Street names can also reflect the purpose or main uses on the street or even the end destination of the street. Ferry Street is so named because it was the direct north/south street to the Ferry Wharf during the years of Martinez history before the Southern Pacific railroad bridge and the Benicia Bridge (George Miller, Jr. bridge officially) were built. Shell Avenue obviously has its name because it was the most direct east/west route from Alhambra Avenue and points west of Martinez to the Shell Refinery. A street name can also reflect an especially nice view such as on parts of Marina Vista entering the city or the Carquinez Scenic Highway, the route from Martinez to Crockett and Sonoma County through the hills above the shoreline until a large landslide closed it for good in the 1980s. It is now the George Miller Recreation Trail and a prize scene for walkers, hikers and bicycle riders.
Today, according to Public Works Director Dave Scola and City Planner Corey Simon, the only City requirement on naming is that each new development have a street named after a former Mayor and that names don’t cause confusion for emergency vehicles. A Martinez development using a state name theme would not be permitted to use Maine as a name because it could be confused with Main Street.
Occasionally a single street name is created. The most recent case was the naming of Sabral Circle where D Street becomes Shell Avenue. Barbara Kapsalis and her family requested the naming because the short street which has several residential buildings on it has been owned by members of the Sabral family for decades. Barbara’s grandfather, a Portuguese immigrant bought the land in the 1930s and the family has resided on it since.

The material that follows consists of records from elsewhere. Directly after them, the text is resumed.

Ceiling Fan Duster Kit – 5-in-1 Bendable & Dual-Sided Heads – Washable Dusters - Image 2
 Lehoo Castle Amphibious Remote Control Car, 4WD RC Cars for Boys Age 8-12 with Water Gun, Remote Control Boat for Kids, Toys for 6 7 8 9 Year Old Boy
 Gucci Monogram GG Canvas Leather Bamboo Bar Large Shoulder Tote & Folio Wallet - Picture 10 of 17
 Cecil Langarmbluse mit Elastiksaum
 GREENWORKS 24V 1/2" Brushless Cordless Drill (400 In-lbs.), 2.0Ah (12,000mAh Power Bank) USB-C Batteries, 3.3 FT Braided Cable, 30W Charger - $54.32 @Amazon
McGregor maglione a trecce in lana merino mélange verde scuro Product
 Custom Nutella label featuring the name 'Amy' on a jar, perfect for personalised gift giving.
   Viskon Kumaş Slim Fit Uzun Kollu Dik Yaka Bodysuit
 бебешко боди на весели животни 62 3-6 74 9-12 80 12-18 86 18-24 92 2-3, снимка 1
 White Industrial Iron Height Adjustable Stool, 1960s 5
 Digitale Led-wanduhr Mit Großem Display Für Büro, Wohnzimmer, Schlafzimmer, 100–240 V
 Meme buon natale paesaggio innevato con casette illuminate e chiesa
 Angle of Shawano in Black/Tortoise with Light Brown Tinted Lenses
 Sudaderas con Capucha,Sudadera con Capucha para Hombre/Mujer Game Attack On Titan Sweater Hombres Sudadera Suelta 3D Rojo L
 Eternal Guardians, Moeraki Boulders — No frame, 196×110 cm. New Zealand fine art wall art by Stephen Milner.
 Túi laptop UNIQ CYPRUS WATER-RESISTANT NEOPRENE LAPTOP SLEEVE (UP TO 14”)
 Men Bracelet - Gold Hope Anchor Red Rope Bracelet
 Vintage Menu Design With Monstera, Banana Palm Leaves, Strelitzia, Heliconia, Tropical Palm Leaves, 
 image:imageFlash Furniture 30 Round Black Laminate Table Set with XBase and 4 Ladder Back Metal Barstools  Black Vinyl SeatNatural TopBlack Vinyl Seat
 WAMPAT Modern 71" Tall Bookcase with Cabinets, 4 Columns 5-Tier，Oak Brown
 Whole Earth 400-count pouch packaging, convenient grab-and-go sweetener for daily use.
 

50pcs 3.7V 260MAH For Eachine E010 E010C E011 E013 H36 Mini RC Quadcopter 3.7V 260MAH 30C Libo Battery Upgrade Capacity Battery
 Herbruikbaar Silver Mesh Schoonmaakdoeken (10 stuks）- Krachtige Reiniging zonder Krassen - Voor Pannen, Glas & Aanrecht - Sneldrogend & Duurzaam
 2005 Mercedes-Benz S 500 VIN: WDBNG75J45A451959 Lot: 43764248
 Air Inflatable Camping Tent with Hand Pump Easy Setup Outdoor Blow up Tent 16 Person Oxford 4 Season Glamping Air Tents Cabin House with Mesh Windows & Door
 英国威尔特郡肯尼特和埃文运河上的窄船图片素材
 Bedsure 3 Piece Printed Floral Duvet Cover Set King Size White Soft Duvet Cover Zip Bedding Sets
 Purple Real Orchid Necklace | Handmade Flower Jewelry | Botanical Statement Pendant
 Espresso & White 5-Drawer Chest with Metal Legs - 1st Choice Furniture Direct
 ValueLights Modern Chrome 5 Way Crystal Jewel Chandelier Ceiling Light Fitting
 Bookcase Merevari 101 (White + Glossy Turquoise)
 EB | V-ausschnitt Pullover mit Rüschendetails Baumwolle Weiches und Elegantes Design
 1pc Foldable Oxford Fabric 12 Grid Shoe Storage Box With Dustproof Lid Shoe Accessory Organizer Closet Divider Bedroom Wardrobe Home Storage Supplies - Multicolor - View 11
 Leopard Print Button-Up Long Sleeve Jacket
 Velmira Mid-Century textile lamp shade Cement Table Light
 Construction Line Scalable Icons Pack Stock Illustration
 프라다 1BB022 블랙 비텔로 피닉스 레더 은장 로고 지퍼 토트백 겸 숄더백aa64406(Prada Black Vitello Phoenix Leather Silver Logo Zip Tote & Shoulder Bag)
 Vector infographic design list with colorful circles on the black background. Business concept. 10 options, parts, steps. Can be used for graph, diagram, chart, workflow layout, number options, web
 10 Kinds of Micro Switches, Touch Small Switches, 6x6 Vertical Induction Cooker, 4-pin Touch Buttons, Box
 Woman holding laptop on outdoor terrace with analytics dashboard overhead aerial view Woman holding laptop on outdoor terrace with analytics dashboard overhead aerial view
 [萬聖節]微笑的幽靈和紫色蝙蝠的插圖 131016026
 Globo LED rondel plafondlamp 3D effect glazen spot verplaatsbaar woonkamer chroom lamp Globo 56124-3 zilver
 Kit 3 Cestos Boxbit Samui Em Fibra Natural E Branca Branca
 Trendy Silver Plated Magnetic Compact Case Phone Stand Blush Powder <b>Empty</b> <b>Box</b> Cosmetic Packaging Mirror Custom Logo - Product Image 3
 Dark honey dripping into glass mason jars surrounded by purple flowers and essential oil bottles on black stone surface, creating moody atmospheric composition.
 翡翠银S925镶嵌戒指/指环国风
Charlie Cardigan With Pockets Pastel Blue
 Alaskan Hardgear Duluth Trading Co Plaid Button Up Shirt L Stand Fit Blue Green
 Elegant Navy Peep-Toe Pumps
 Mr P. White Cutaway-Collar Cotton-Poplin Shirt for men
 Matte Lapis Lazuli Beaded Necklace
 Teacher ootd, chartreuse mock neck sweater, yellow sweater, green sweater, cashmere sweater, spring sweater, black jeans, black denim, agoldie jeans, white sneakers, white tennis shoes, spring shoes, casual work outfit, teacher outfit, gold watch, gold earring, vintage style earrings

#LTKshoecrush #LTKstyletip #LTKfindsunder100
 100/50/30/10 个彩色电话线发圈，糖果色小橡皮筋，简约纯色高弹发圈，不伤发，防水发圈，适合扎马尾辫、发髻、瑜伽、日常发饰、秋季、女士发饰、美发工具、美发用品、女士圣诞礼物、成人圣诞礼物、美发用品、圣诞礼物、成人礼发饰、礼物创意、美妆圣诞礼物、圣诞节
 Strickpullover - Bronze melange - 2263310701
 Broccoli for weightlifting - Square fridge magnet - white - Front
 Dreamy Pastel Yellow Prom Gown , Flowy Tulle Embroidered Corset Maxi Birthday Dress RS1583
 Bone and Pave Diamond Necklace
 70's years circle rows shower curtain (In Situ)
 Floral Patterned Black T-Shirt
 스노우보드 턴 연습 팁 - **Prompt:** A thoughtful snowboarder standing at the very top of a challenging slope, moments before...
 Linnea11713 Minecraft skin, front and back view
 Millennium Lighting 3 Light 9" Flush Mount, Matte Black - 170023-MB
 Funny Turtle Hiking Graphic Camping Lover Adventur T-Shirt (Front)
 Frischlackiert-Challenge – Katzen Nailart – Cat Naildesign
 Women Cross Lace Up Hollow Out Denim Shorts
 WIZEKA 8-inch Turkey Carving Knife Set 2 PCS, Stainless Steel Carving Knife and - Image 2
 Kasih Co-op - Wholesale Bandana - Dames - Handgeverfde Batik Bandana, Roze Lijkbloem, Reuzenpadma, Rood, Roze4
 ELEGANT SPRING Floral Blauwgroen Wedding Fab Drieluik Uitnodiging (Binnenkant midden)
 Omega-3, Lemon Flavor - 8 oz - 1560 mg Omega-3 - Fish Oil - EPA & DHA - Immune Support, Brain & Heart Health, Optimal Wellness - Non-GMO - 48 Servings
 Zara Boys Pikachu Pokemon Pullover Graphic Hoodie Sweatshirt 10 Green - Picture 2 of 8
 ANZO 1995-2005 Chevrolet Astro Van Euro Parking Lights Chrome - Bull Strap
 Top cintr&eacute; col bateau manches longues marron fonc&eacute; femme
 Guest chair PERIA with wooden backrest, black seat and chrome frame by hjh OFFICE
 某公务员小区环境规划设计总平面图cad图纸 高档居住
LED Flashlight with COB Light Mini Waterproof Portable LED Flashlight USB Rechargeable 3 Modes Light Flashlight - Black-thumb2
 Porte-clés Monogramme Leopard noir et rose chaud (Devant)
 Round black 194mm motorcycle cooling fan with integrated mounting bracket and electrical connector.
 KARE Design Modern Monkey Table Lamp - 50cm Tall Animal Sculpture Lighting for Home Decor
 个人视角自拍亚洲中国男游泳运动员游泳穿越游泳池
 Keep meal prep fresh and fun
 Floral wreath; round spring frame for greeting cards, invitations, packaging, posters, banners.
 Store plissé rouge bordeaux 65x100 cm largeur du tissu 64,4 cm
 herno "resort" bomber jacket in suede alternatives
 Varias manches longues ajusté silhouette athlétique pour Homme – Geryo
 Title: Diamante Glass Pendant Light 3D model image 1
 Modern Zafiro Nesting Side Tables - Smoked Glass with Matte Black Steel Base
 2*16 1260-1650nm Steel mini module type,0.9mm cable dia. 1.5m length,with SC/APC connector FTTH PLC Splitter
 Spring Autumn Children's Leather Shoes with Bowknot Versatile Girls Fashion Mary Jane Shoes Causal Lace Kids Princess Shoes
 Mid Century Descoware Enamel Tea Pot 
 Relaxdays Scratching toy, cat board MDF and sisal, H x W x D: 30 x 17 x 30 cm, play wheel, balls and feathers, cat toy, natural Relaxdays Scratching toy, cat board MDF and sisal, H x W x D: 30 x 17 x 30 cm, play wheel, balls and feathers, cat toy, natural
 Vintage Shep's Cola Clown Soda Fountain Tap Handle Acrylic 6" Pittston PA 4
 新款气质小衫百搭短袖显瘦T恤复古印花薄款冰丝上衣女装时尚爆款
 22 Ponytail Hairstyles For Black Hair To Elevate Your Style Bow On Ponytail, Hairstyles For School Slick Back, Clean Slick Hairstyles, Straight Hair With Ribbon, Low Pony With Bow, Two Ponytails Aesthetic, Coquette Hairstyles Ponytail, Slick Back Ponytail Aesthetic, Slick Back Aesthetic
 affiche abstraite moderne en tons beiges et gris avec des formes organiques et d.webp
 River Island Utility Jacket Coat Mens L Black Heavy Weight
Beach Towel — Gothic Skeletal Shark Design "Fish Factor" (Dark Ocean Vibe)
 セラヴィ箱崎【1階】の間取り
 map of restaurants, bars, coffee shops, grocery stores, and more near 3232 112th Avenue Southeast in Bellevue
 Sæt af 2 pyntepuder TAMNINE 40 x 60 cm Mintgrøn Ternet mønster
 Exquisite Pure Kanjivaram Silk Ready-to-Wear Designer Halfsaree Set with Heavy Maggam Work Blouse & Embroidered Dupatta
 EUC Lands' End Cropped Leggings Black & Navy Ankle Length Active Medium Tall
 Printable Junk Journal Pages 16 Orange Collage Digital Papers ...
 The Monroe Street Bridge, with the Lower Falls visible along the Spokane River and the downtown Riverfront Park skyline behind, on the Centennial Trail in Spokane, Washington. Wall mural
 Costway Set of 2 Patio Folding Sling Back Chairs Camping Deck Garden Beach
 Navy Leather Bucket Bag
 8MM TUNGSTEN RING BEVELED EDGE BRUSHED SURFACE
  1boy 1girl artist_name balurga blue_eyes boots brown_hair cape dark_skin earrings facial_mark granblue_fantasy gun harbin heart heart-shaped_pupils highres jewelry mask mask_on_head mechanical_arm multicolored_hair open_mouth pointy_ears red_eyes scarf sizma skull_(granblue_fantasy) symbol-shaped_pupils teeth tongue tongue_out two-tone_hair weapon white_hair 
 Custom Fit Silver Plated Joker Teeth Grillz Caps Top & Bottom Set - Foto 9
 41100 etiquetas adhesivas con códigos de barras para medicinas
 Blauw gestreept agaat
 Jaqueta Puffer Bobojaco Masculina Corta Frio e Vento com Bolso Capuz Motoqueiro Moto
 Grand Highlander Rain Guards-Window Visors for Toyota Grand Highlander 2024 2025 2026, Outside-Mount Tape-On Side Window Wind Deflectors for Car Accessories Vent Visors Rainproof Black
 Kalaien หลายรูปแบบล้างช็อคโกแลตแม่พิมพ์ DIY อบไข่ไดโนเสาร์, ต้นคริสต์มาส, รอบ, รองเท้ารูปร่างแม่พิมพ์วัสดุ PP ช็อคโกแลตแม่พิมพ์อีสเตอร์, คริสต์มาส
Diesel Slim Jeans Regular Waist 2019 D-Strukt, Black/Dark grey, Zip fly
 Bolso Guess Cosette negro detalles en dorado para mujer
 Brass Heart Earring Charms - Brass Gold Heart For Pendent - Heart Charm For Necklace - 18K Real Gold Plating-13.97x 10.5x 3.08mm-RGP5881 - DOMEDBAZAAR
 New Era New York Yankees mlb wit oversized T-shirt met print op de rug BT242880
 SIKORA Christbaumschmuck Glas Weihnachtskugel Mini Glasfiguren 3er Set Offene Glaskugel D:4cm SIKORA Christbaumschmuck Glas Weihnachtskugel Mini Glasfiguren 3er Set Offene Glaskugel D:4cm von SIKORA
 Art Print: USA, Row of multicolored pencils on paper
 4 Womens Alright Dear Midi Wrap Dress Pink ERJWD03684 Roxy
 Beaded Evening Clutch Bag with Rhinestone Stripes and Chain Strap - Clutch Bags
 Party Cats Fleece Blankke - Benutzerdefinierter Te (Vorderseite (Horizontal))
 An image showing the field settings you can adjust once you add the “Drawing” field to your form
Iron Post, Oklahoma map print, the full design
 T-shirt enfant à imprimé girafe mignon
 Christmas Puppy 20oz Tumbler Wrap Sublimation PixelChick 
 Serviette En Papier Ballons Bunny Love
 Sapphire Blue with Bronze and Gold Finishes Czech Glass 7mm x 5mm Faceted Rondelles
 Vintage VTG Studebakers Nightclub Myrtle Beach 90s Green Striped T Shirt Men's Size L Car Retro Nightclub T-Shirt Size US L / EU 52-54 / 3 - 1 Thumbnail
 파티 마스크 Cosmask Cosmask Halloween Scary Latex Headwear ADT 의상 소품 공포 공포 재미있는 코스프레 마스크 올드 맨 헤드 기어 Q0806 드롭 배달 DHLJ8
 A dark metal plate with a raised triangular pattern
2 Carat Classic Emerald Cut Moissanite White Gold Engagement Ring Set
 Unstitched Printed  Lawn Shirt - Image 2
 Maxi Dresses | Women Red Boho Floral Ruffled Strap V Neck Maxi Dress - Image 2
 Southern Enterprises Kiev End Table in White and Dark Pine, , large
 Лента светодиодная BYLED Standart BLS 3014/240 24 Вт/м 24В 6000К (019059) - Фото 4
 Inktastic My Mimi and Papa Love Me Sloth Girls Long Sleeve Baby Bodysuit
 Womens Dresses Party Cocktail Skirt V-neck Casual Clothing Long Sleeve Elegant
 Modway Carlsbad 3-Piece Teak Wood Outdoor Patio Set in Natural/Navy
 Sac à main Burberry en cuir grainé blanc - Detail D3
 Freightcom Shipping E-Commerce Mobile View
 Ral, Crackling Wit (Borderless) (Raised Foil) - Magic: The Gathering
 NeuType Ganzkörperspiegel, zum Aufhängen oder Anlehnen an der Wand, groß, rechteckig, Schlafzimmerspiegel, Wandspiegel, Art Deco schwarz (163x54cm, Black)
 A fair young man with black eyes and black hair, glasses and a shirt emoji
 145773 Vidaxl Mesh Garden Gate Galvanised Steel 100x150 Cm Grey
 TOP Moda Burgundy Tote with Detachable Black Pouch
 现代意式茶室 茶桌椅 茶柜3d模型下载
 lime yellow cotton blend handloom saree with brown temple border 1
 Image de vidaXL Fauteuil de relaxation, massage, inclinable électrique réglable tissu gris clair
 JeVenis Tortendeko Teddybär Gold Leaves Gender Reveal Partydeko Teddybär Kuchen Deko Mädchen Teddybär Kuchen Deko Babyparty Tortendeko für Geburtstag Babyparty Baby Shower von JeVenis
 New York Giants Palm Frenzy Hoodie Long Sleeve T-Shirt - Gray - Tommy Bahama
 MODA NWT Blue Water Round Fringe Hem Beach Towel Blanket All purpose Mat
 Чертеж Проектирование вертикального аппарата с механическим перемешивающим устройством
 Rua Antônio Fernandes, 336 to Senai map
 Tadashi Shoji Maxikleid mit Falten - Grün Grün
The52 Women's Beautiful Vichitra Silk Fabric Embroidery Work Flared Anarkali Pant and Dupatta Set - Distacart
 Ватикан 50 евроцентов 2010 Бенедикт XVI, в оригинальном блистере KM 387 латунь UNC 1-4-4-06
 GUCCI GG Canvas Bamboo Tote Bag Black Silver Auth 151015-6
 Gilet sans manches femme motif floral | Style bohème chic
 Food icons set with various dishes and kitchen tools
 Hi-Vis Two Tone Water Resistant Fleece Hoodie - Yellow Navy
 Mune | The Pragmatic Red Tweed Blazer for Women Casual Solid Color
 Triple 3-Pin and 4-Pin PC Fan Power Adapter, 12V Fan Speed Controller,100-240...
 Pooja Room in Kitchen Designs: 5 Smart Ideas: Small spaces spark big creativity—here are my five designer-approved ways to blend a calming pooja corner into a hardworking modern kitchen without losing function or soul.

A map of the city including Mountain View, an unincorporated residential section of Martinez, shows how the rectangular survey of the Ordinance of 1787 can exist next to a street layout that follows the contours of the land. On the hilly portion, street names vary between names of people such as Potter and Leslie and names of fruit trees, Orange, Lemon, Olive, Peach, Orchard Lane all referring to orchard fruits which were such a large part of the local agricultural economy over a century ago. Streets named after cities such as Monterey, Pomona and, of course, Martinez curve around the hilly area next to Bella Vista, Magnolia and Crest. On the southern end of Mountain View, the rectangular survey reappears with east/west streets showing no particular pattern. But R.R. Veale, county sheriff for 40 years around the turn of the 20th century, got his named street next to a variety of names ranging from Vine to Delancy, Plaza and Santa Fe, of course named after the nearby train tracks.